# Light-bulb and capacitance

1. Jan 26, 2008

### A90

1. The problem statement, all variables and given/known data
Imagine that you have a light-bulb that has a resistance of about 10 Ω
and that can tolerate a maximum voltage of 3 V. Imagine that you want to connect this to a charged capacitor large enough to keep the bulb glowing reasonably brightly for more than 10s. Roughly what should the capacitor's capacitance be?

2. Relevant equations
I=(dQ)/(dt)
R=($$\Delta\phi$$)/(I)
C=(Q)/($$\Delta\phi$$)

3. The attempt at a solution
It looks like I need to know something about the charge to solve this, or I need to cancel it out, but I can't seem to make any headway.
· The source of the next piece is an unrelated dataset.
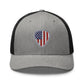 American Flag Guitar Pick Structured Trucker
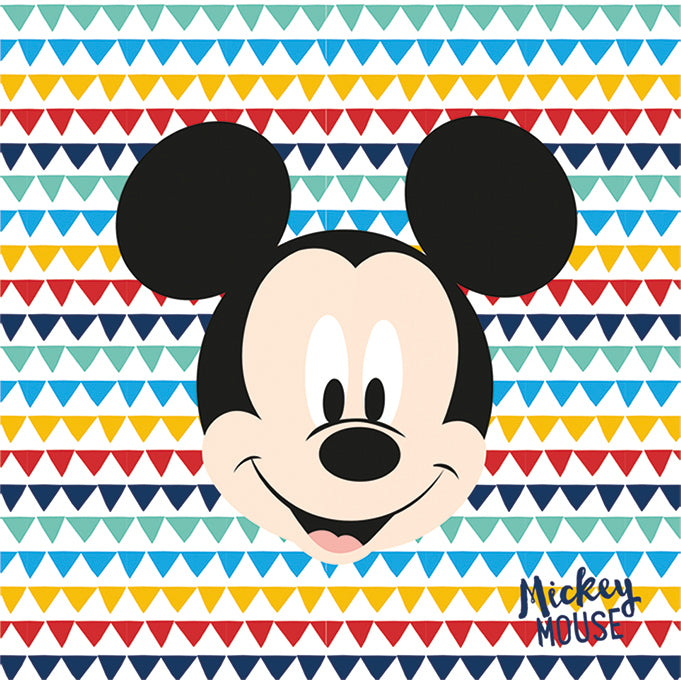 Papirservietter Mickeu Mouse AW 20 stk, 33x33cm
How can I solve for the capacitance without Q? Am I missing something obvious?

2. Jan 26, 2008

### hage567

You have Ohm's Law. You can use that to find the current (and therefore charge).

3. Jan 26, 2008

### A90

Is that assuming dQ=Q and dt=10? I get:
I=(Δϕ)/R=dQ/dt
then, dQ=I*dt=(Δϕ*dt)/(R*Δϕ)=dt/R=1

The answer is supposed to be 1.4 F

4. Jan 26, 2008

### hage567

OK, for a discharging capacitor

$$I(t) = I_o e^{\frac{-t}{RC}}$$

Do you recognize this equation?

5. Jan 26, 2008

### A90

We have learned it with electric potential, rather than electric current, but I can see how one implies the other. With the data given I found I_0 (sorry, subscript keeps coming out as superscript- that is 'I naught') to be .3, but I'm not sure about I(t).